Naturally, right after the recording, I watched “Shrill” on Hulu. (Some spoilers follow. Go watch it.)

“Shrill” the TV series is based on a book of the same name by Lindy West. West has been a hero of mine for years. I loved the book, loved her work at the Stranger in Seattle, and I’ve gotten to meet her and perform with her in San Francisco. The experience she writes about is so painfully like my own that the book was a little hard to read. The act of claiming the fat body is a complicated one, and West writes about it with bitter, truthful, and joyful skill. Shrill was a book I swallowed quickly, but I spit up seeds for months. I expected the show to be the same.

There are moments in the Hulu version of “Shrill” that were breathtaking for that radical commonality that I mention above. It shouldn’t shock me to see a woman who looks like Aidy Bryant (Annie) having sex on screen, but it absolutely did. I can count the number of sex scenes that feature a body remotely like mine in mainstream media on one hand, and I didn’t expect “Shrill” to deliver me one. I immediately thought of the way the internet reacted to Gabourey Sidibe getting a sex scene on “Empire” and decided (as I do so often these days) that I did not need to know what anybody else thought about this. It is common for people who look like Sidibe and Bryant to have sex. But it’s still radical to let anybody see it.

It’s also not unusual in my experience to end up at a pool party or a dance party where fat people use their bodies without shame. It’s a daily occurrence for me to see a well-dressed, fat, powerful femme stomp a crosswalk in a killer outfit as though it were a runway (I live in Oakland, come on), but the main character on “Shrill” experiences this as a rarity and a near-religious experience of inspiration. I’m not mad at the show for depicting these things as radical, numinous, or life-changing. Under the right conditions they all are. I’m mad that it’s taken this long for this story to get told.

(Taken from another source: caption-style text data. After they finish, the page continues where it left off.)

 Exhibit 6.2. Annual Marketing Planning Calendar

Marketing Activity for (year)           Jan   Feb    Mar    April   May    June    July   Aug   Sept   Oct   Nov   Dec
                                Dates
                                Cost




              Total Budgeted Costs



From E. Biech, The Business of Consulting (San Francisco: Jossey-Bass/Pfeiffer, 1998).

“Shrill” is the kind of thing you can watch with a group of friends and hear a lot of different reactions. Some see what I see: a story whose time has come and a brilliant team bringing it all together. I’ve been in Facebook threads over the last few days hearing valid descriptions of the character Fran (Lolly Adefope) as a supportive friend to a white main character who doesn’t seem to get much in return, though a refreshingly dimensional queer character in her own right. A few of my friends focused on the mother-daughter relationship between Annie and her mom (Julia Sweeney) and the always fraught issue of how mothers model their relationship to their own bodies to their kids. There’s a lot of layers to this show, and most of them were taken from a life most of us recognize.

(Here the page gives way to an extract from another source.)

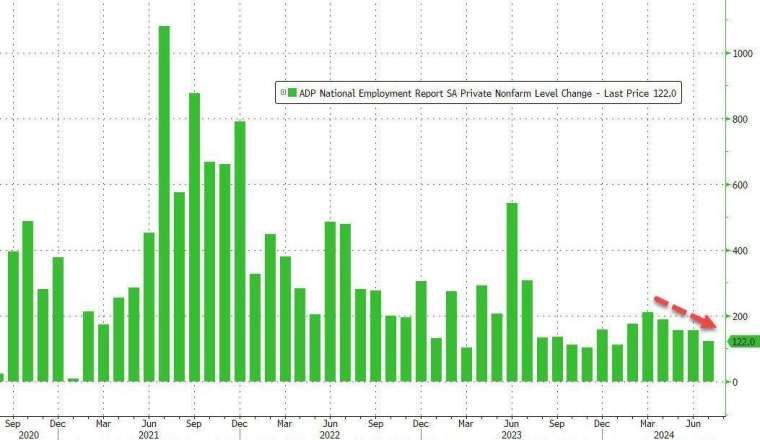 (圖：ZeroHedge)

I just learned this morning that many of Annie’s amazing dresses were made custom for the show. I felt a mixture of rage and disappointment reading that article. Rage that no designer would seize this opportunity to show us what they could do dressing a character like this one. Disappointment that these clothes don’t exist anywhere and I’ll never be able to buy them. Finally I realized that I must have known the truth about this already; every time I see a person wearing a size 18 or above dress, I can immediately tell where it came from. There are about five places in the world where I can shop. No matter how rich and famous a fat performer is, I can always buy the same clothes as them. Annie’s sequined dress is quite literally unattainable, unless I have one made myself. If I didn’t immediately clock it as an Eloquii, it’s a unicorn. I should have known.

The script takes liberties with the true story of how Lindy West confronted a brutal, sadistic internet troll with all her rage and humanity. It’s an incredible story about an incredibly brave confrontation that goes straight to the root of everything that is terrible about the internet. It addresses weaponized anonymity and the laissez-fare attitude toward community management that allows trolls to run marginalized people out of the marketplace of ideas. On the show, Annie smashes the dude’s car window after an electrifying exchange between them. It’s satisfying, but it lacks the guts and originality of what really happened. It’s good TV, but I was hoping for more.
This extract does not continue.